M. Bernard Grasset a ajouté les éléments d'information suivants :

- l'expression publique par les militaires d'une opinion politique est ressentie comme problématique, ce qui rend difficile leur participation à une élection locale. Cependant, c'est moins le fait de ne pouvoir être candidat que celui de ne pas participer à la vie municipale qui préoccupe le plus les militaires. Les modes de participation à développer relèvent donc sans doute de modèles comme les commissions extramunicipales, permettant d'établir une relation entre le conseil municipal et des délégations de l'unité concernée, de façon à ce que les souhaits des militaires en matière de vie locale puissent être pris en compte ;

- le risque d'un afflux de saisines du médiateur n'a pas échappé aux rapporteurs, mais ils se sont heurtés à la difficulté de définir de manière pleinement satisfaisante le filtre qui pourrait être institué pour en réduire le nombre. Il convient, en tout état de cause, de s'en remettre à l'expérience pour vérifier la nécessité de ce filtrage ;

- il y a un point de désaccord entre les deux rapporteurs sur la participation des militaires d'active aux associations d'anciens militaires. On peut en effet se demander, quelle différence il peut y avoir entre une association à caractère professionnel et un syndicat, dès lors que l'exercice du droit de grève est prohibé. Par ailleurs, il ne faut pas sous-estimer l'éventualité d'une multiplication des associations professionnelles dans l'hypothèse où les militaires d'active seraient autorisés à y adhérer et surtout le risque de création d'organisations pour les différentes catégories de grade, à l'instar de ce qui se passe dans la police.

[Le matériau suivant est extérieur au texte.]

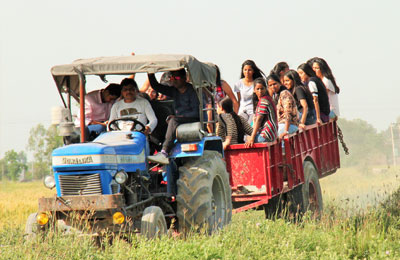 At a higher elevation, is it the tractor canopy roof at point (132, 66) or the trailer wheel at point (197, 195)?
the tractor canopy roof at point (132, 66)

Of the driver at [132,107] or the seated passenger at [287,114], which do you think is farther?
the seated passenger at [287,114]

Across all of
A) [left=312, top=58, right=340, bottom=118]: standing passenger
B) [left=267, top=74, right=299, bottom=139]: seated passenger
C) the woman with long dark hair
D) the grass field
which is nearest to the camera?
the grass field

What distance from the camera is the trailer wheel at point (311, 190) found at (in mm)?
12273

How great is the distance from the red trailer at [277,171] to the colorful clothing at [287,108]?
0.28 m

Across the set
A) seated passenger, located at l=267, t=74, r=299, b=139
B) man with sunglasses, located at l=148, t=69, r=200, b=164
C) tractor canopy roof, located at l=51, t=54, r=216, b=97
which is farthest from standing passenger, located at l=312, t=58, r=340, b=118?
tractor canopy roof, located at l=51, t=54, r=216, b=97

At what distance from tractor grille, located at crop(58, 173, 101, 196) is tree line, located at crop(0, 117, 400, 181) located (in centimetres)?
2505

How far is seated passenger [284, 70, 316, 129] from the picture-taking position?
42.8 feet

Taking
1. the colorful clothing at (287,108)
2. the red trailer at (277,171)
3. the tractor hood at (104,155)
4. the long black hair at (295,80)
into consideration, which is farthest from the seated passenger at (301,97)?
the tractor hood at (104,155)

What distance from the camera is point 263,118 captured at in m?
11.2

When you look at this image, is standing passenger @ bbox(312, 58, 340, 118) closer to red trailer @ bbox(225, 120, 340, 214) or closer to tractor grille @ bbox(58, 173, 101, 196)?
red trailer @ bbox(225, 120, 340, 214)

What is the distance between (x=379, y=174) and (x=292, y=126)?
24.8m

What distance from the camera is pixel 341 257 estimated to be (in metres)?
8.02

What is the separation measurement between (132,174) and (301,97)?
4.89 m

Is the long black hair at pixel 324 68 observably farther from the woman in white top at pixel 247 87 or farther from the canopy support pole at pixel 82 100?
the canopy support pole at pixel 82 100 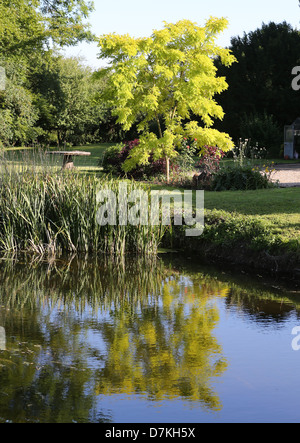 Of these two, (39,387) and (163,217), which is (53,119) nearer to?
(163,217)

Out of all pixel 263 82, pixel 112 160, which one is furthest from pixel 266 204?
pixel 263 82

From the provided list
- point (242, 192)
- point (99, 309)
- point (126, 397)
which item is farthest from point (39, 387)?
point (242, 192)

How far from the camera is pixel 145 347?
620cm

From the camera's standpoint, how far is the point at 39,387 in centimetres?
517

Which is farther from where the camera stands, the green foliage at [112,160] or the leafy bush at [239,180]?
the green foliage at [112,160]

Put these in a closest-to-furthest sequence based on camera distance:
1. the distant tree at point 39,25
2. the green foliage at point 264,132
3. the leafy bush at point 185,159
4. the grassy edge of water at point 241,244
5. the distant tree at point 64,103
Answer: the grassy edge of water at point 241,244
the leafy bush at point 185,159
the distant tree at point 39,25
the green foliage at point 264,132
the distant tree at point 64,103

MM. Bernard Grasset et Charles Cova ont souligné que l'attribution du rapport d'information à deux députés, l'un membre de la majorité, l'autre de l'opposition, et non pas à un seul, membre de l'une ou de l'autre, avait été perçue de manière très positive par leurs interlocuteurs, les militaires rencontrés ayant vu dans cette décision une garantie d'objectivité et de sincérité dans le compte rendu et le traitement qui serait fait de leurs propos.

La Commission a alors autorisé la publication du rapport d'information conformément à l'article 145 du Règlement.

ANNEXE I

COMPARAISONS
AVEC QUELQUES ARMÉES VOISINES

L'étude des instances de concertation et de l'expression des militaires a été l'occasion de comparer l'armée française avec celles d'autres pays. Le lecteur trouvera une brève description des armées allemande, américaine, britannique et italienne vues sous cet aspect. Les médiateurs norvégiens et suédois compétents dans le domaine de la défense font également l'objet d'une présentation.

Nous aurions aussi souhaité disposer d'éléments de comparaison avec deux autres États : le Canada, qui a mis en place depuis quelques années un système de médiation original puisque le médiateur est placé sous l'autorité du Ministre de la Défense qui, probablement, doit le nommer. Nous désirions également obtenir des éléments sur la concertation et l'expression dans l'armée du Japon. Grand vaincu en 1945, ce pays est aujourd'hui devenu une véritable démocratie. Qu'en est-il de son armée ? Malheureusement, les attachés de défense français en poste dans ces deux pays, saisis le 11 février 2000 et relancés en avril, ne nous ont toujours pas fait parvenir le moindre document à l'heure où nous présentons ce rapport, le 21 juin 2000. Preuve, s'il en était besoin, que le contrôle démocratique de l'exécutif par le législatif est, dans notre pays, largement perfectible.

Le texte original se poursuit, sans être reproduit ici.